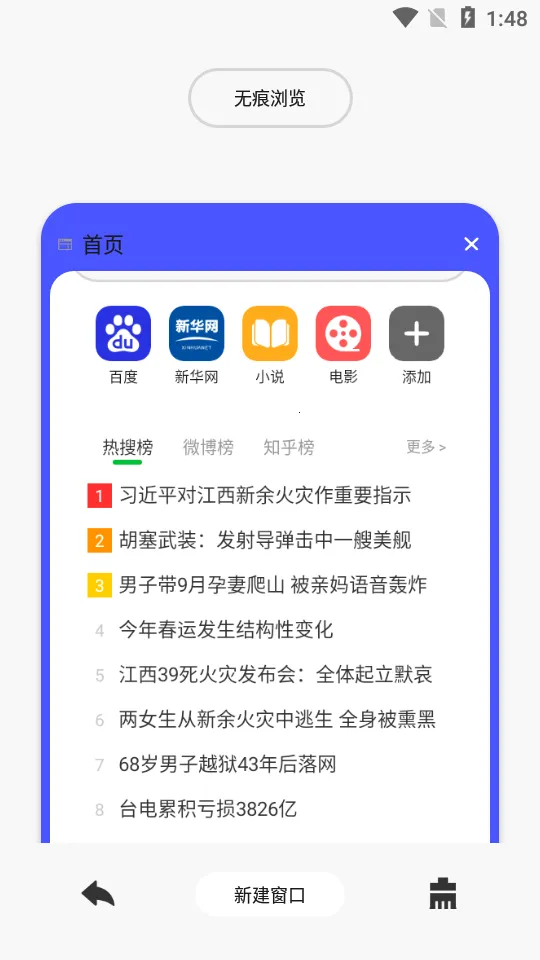 VV�������׿���ֻ���v1.1.1 �ٷ������ͼ2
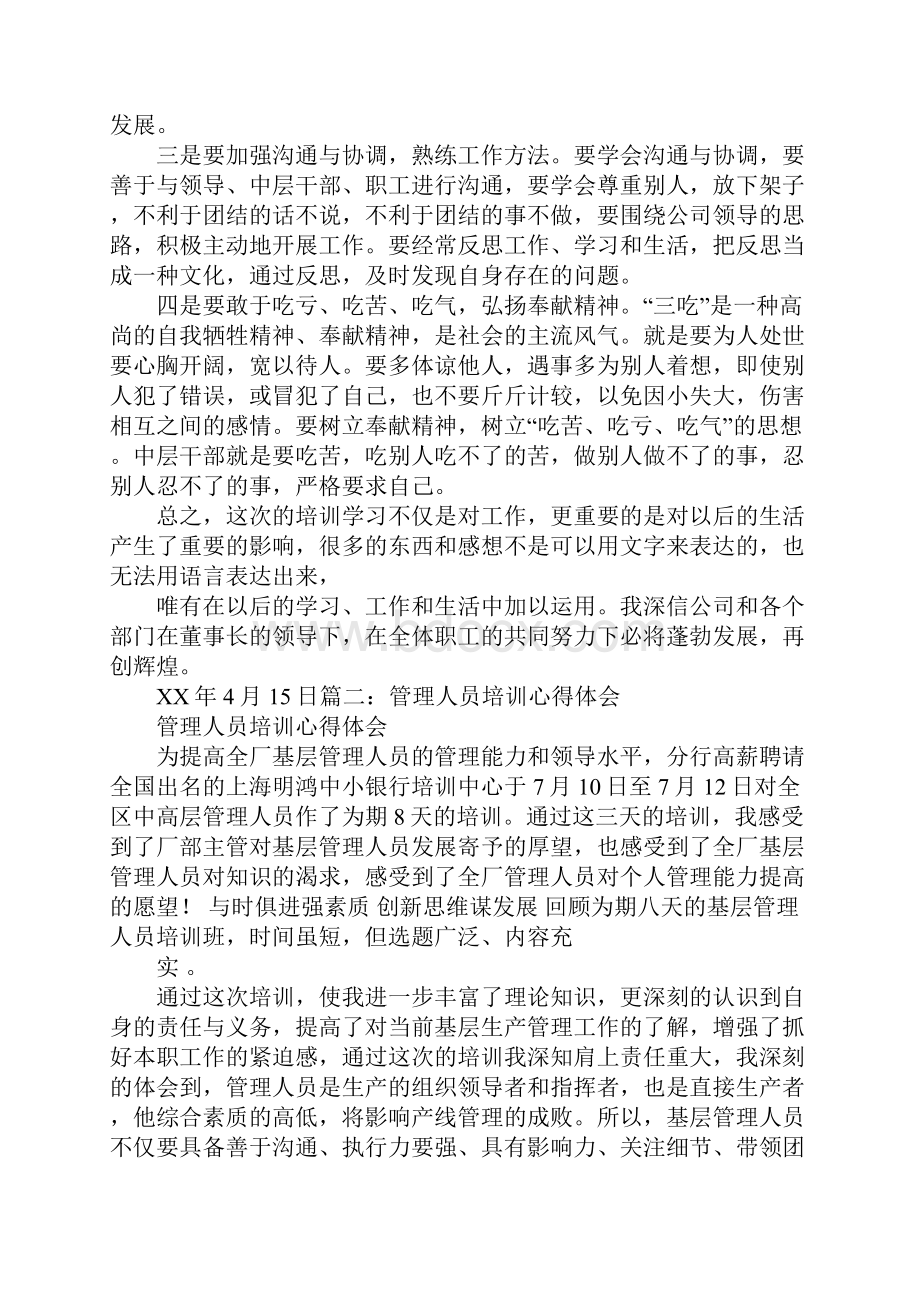 全技员培训心得体会.docx_第2页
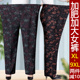 春秋冬长裤 加绒宽松直筒妈妈装 花裤 中老年女裤 子加肥加大码 200斤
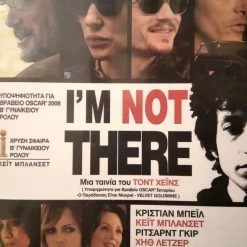 Vendora I'm Not There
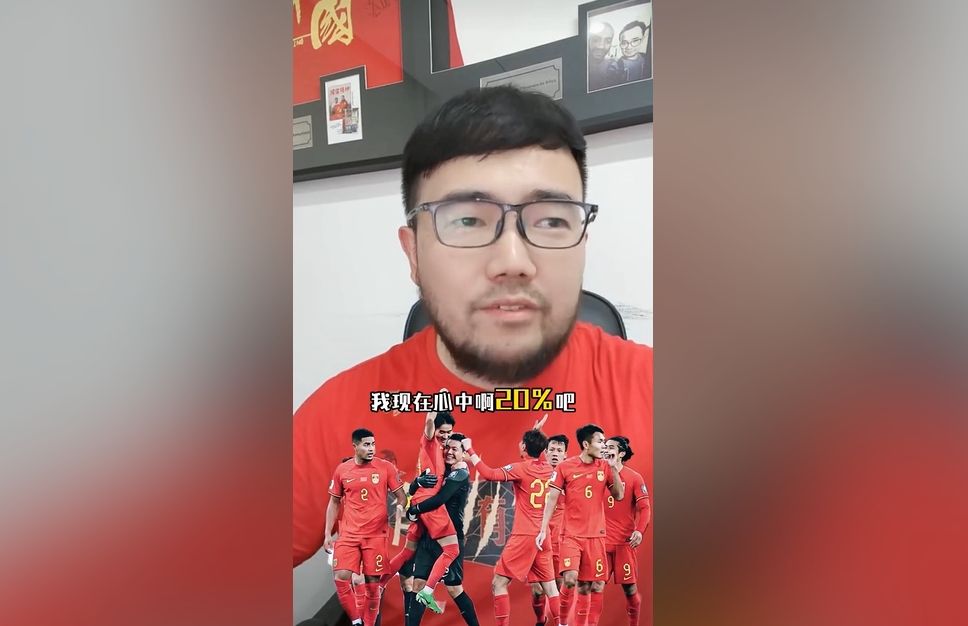 潘偉力：我覺得國足進美加墨概率20%，印尼歸化升級&沙特換了教練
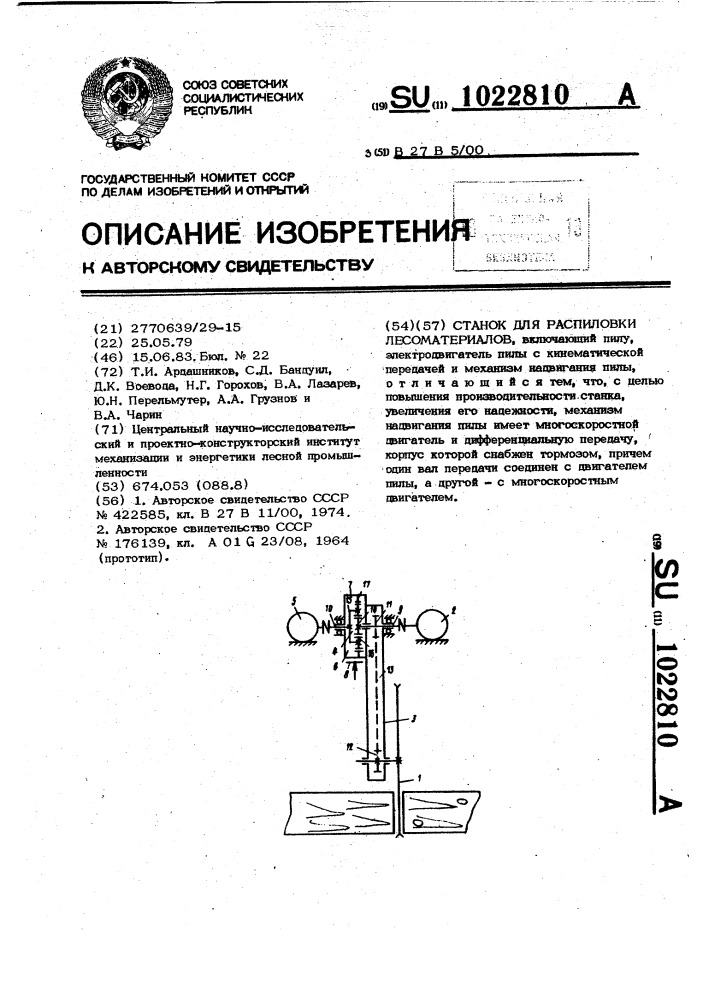 Станок для распиловки лесоматериалов (патент 1022810)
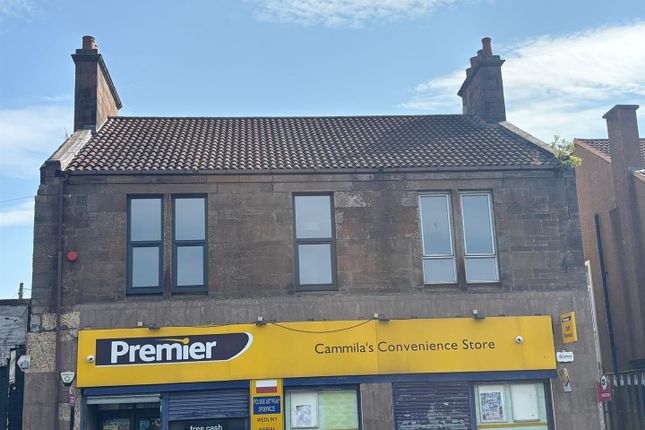 286, Bellshill Road, Motherwell photo 5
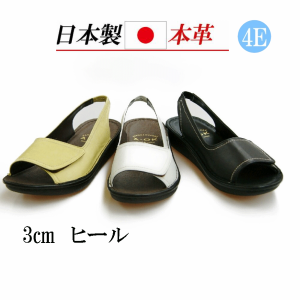 日本製　本革　サンダル　リゾートサンダル　大きいベルクロ　幅広　4e  外反母趾　滑りにくい　屈曲性　シンプル　フラットソール　歩き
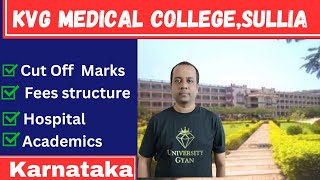 KVG Medical College  Fees  Cutoffs  NEET  KEA MBBS Counselling  RE NEET [upl. by Eireva]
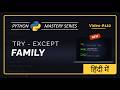 Python Exception Handling Basics (Try-Except Family) | Unit 11 | Python For Beginners (Hindi)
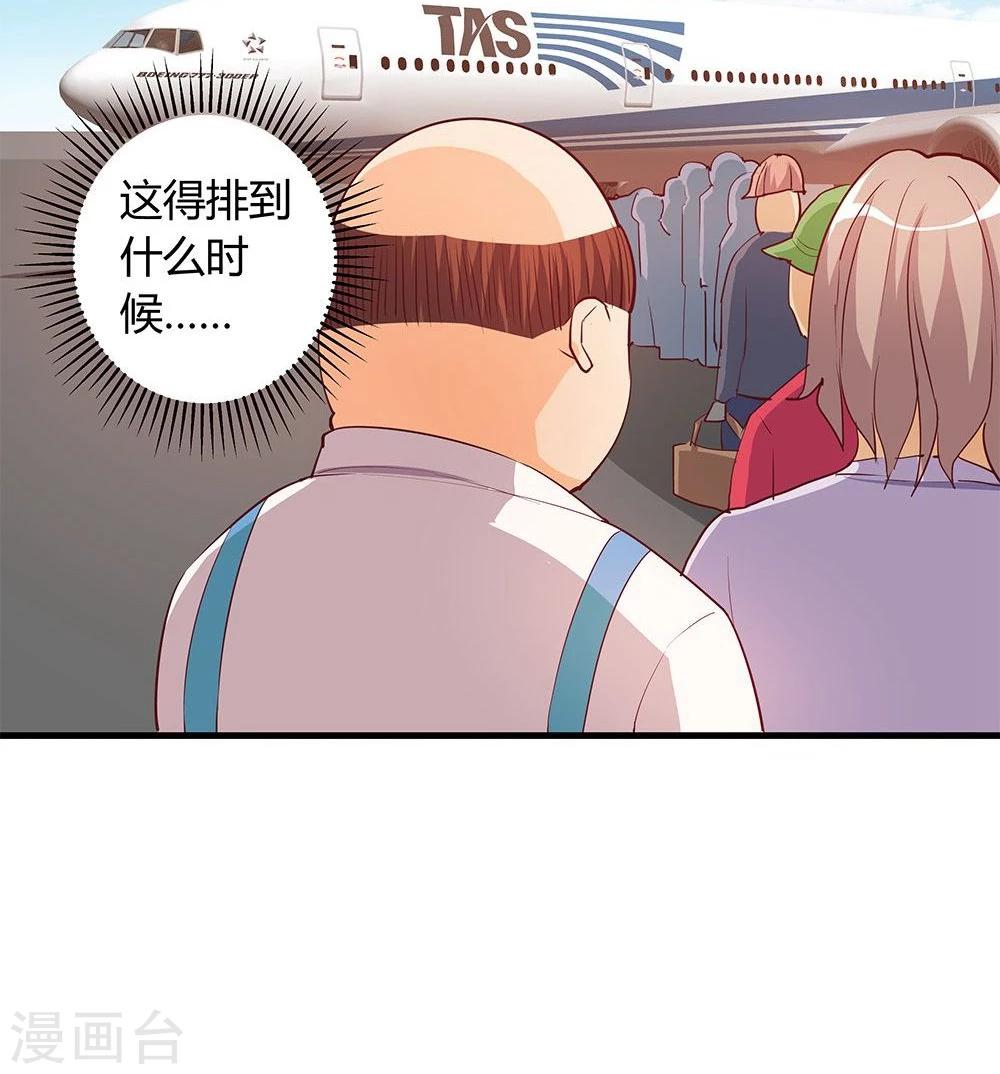 第25话(1/2)-第25话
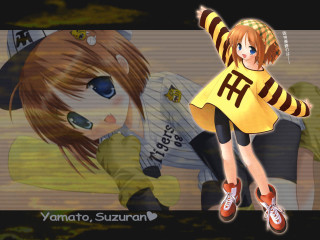 Yellow dress striped shirt animal - hat free wallpaper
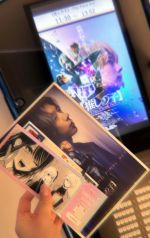 感動体験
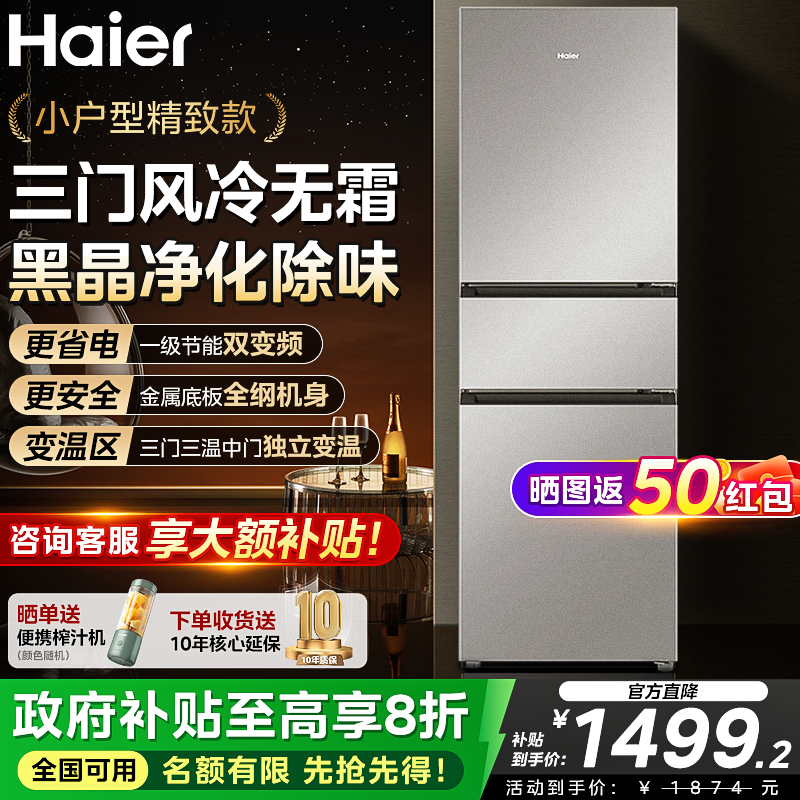 海尔冰箱小型家用217L双门三门冷藏冷冻风冷宿舍小冰箱一级能效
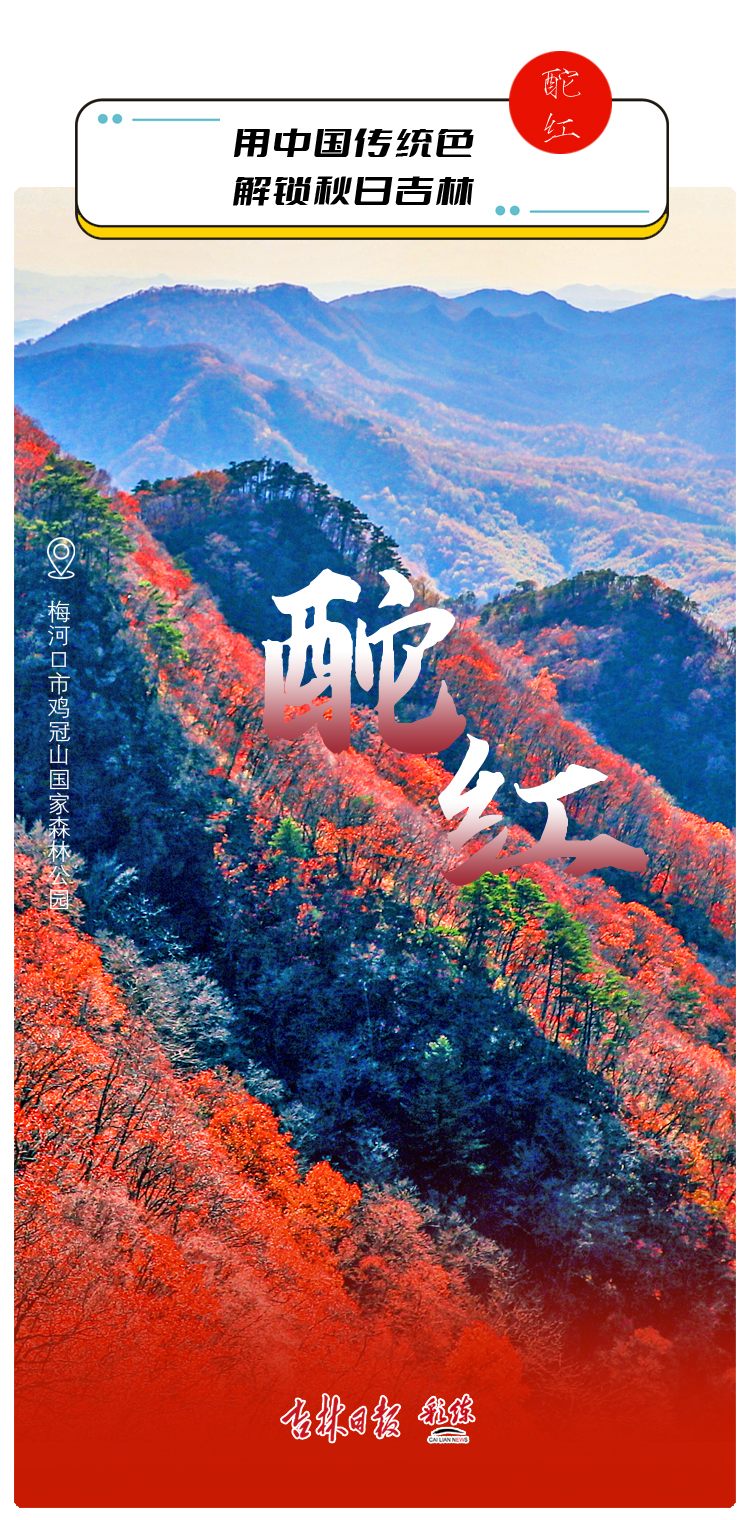 绝美！用中国传统色解锁秋日里的吉林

* **Your objective**: Exactly as written above, print every line of the data but not its pictures.

* **Your response**:
 VV�������׿���ֻ���v1.1.1 �ٷ������ͼ2
 全技员培训心得体会.docx_第2页
 春秋冬长裤 加绒宽松直筒妈妈装 花裤 中老年女裤 子加肥加大码 200斤
 Vendora I'm Not There
 潘偉力：我覺得國足進美加墨概率20%，印尼歸化升級&沙特換了教練
 Станок для распиловки лесоматериалов (патент 1022810)
 286, Bellshill Road, Motherwell photo 5
 日本製　本革　サンダル　リゾートサンダル　大きいベルクロ　幅広　4e  外反母趾　滑りにくい　屈曲性　シンプル　フラットソール　歩き
 KVG Medical College  Fees  Cutoffs  NEET  KEA MBBS Counselling  RE NEET [upl. by Eireva]
 Python Exception Handling Basics (Try-Except Family) | Unit 11 | Python For Beginners (Hindi)
 第25话(1/2)-第25话
 Yellow dress striped shirt animal - hat free wallpaper
 感動体験
 海尔冰箱小型家用217L双门三门冷藏冷冻风冷宿舍小冰箱一级能效
 绝美！用中国传统色解锁秋日里的吉林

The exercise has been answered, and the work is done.